Web page caption snippets
*** Block opens ***

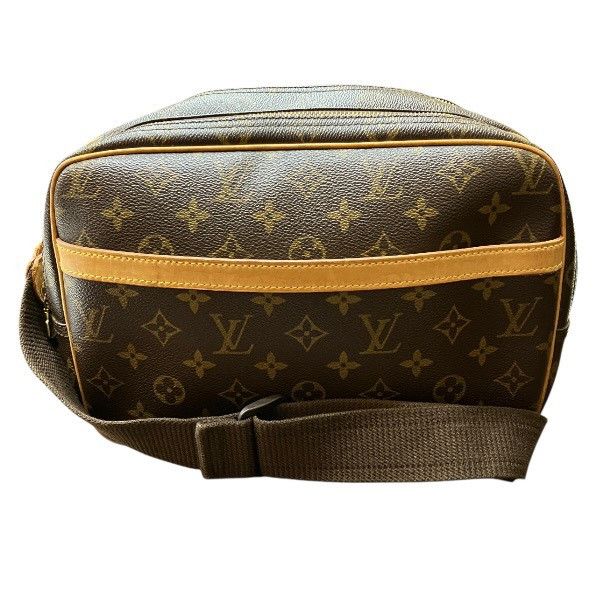 Louis Vuitton Louis Vuitton Louis Vuitton Reporter PM Monogram Shoulder Bag Textile Shoulder Bag M45254 DUTY FREE for USA Size ONE SIZE - 1 Thumbnail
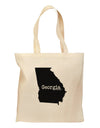 Georgia - United States Shape Grocery Tote Bag-Grocery Tote-TooLoud-Natural-Medium-Davson Sales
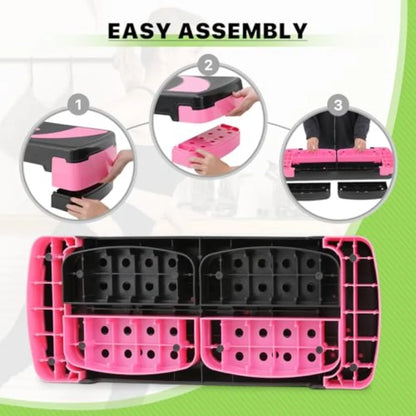 Adjustable Non-Slip Aerobics Stepper Platform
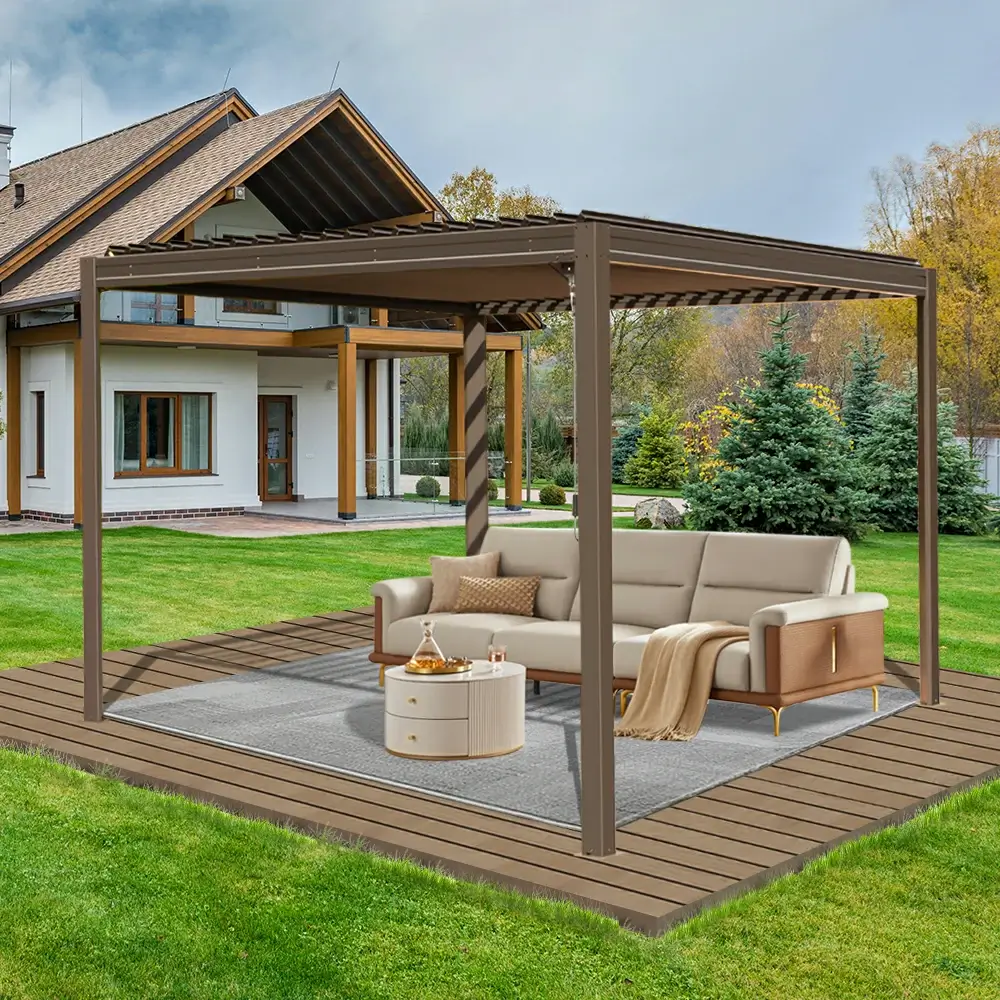 Metal Louvered Pergola - Image 65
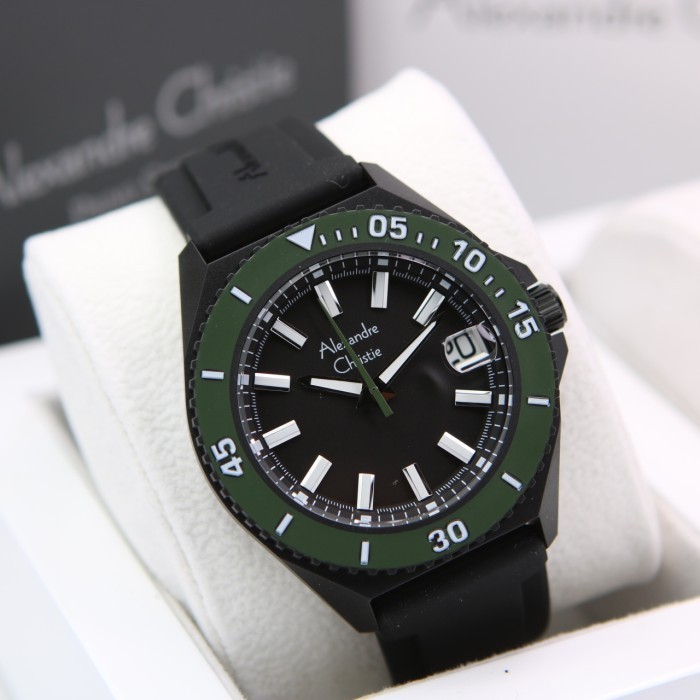 ALEXANDRE CHRISTIE AC8693 / AC 8693 BLACK GREEN PRIA ORIGINAL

*** Block closes ***

WORK REQUEST: Please copy exactly, and only, the lines from the one that contains "Georgia - United" through the last line of the data above, omitting all pictures.

YOUR RESPONSE:
 Georgia - United States Shape Grocery Tote Bag-Grocery Tote-TooLoud-Natural-Medium-Davson Sales
 Adjustable Non-Slip Aerobics Stepper Platform
 Metal Louvered Pergola - Image 65
 ALEXANDRE CHRISTIE AC8693 / AC 8693 BLACK GREEN PRIA ORIGINAL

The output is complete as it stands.